Though astronomers cannot see dark matter directly, they can infer its location from observations. The distribution of dark matter (magenta) in supercluster Abell 901/902 is revealed in this photo by combining a visible light image of the supercluster and a dark matter map of the area. | VISIBLE LIGHT: ESO, C. Wolf (Oxford University, U.K.), K. Meisenheimer (Max-Planck Institute for Astronomy, Heidelberg), and the COMBO-17 collaboration. DARK MATTER MAP: NASA, ESA, C. Heymans (University of British Columbia, Vancouver), M. Gray (University of Nottingham, U.K.), M. Barden (Innsbruck), and the STAGES collaboration.

What lies ahead

To ultimately resolve this dark energy puzzle, Riess says scientists will need more than just measurements. The world’s best theoretical physicists have tried to work out a grand unified theory of physics that fully explains all aspects of the universe. But so far, gravity and quantum physics don’t seem to mesh, despite the fact that theorists believe their unification is essential to any theory that will also explain dark energy.

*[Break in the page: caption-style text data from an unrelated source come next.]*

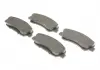 Колодки тормозные дисковые BOSCH 0986494713 (фото 2)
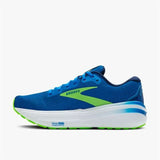 Men's Trainers Brooks Ghost Max 2 Blue Green-6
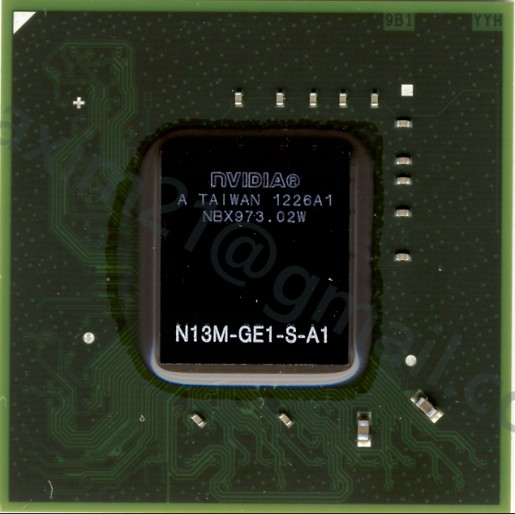 Микросхема N13M-GE1-S-A1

One thing scientists have been able to figure out, however, is the profound impact dark energy will have on the universe in the distant future.
If the contribution of dark energy grows as the universe ages, the universe will expand progressively faster over time. Other galaxies beyond our Local Group — which will have merged into a single giant galaxy nicknamed Milkomeda — will eventually be whisked out to such great distances that any far-future occupants of our solar system wouldn’t be able to view them.
In fact, Alexei Filippenko, an astronomer at University of California, Berkeley, who has worked with both teams that discovered dark energy, says, “If all records are lost, future civilizations might not ever know about other galaxies.” For them, he says, “[The universe] will be a cold, dark, lonely place.